== Segment start ==

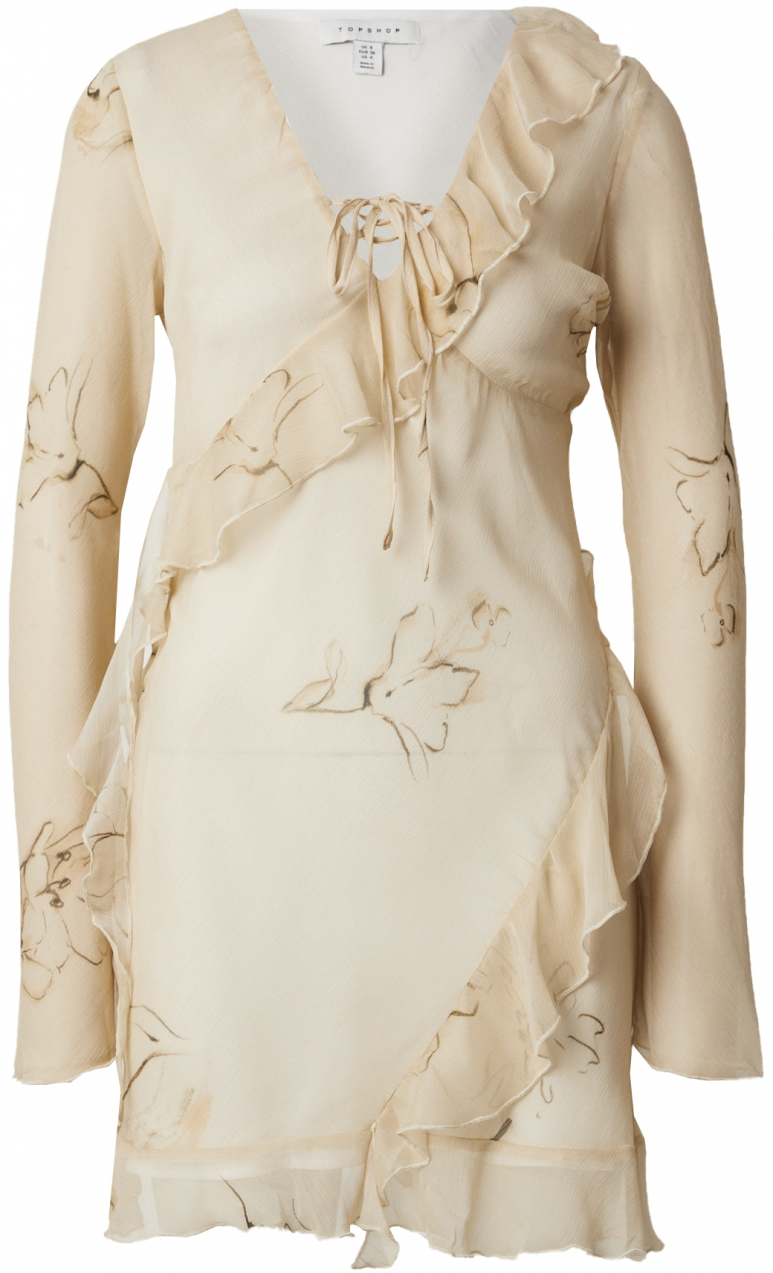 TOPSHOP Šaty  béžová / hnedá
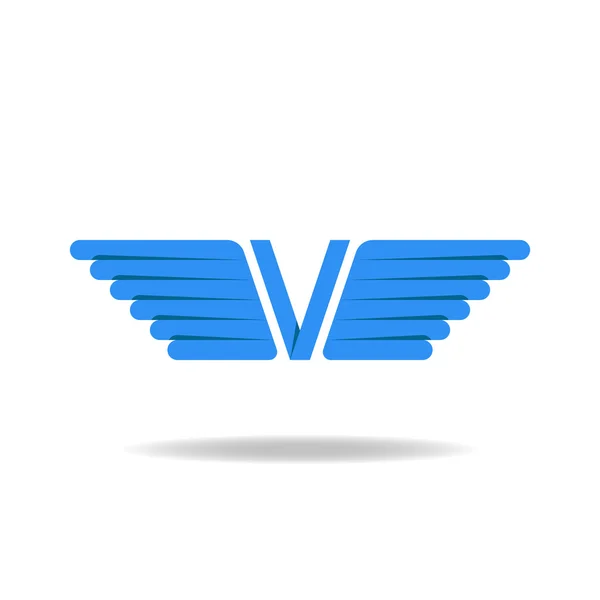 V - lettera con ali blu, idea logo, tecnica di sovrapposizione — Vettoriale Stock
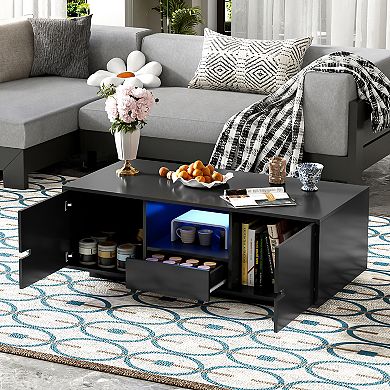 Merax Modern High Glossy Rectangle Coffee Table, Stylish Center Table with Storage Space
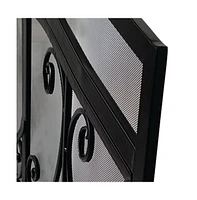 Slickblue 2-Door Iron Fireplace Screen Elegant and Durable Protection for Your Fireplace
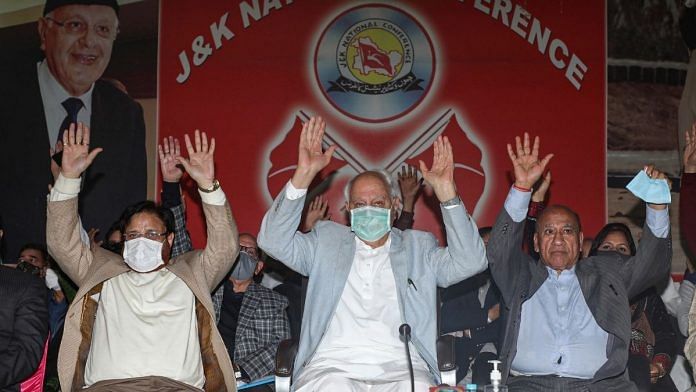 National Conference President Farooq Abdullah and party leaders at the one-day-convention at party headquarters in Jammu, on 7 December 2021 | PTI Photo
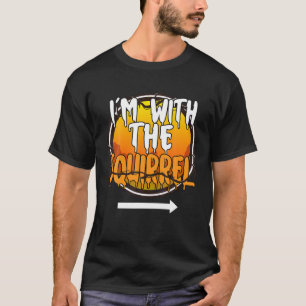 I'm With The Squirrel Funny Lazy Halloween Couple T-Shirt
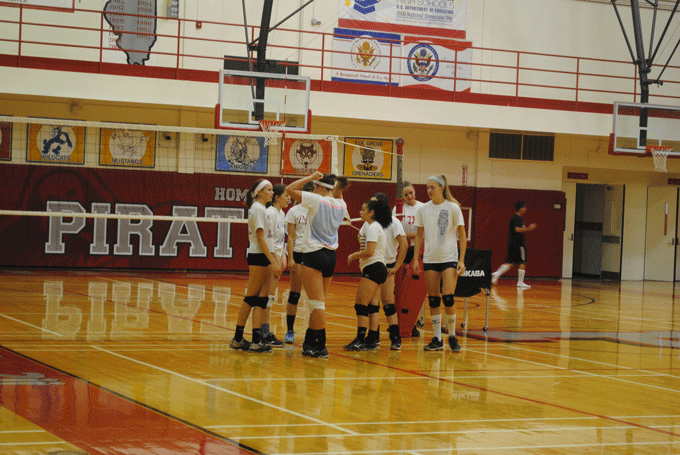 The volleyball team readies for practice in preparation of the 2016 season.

== Segment end ==

WHAT TO WORK ON: Word for word, reproduce each line from the one with "Merax Modern High" through the last line of the material above, both included, and drop the pictures.

SOLUTION FOR THIS EXERCISE:
 Merax Modern High Glossy Rectangle Coffee Table, Stylish Center Table with Storage Space
 Slickblue 2-Door Iron Fireplace Screen Elegant and Durable Protection for Your Fireplace
 National Conference President Farooq Abdullah and party leaders at the one-day-convention at party headquarters in Jammu, on 7 December 2021 | PTI Photo
 I'm With The Squirrel Funny Lazy Halloween Couple T-Shirt
 The volleyball team readies for practice in preparation of the 2016 season.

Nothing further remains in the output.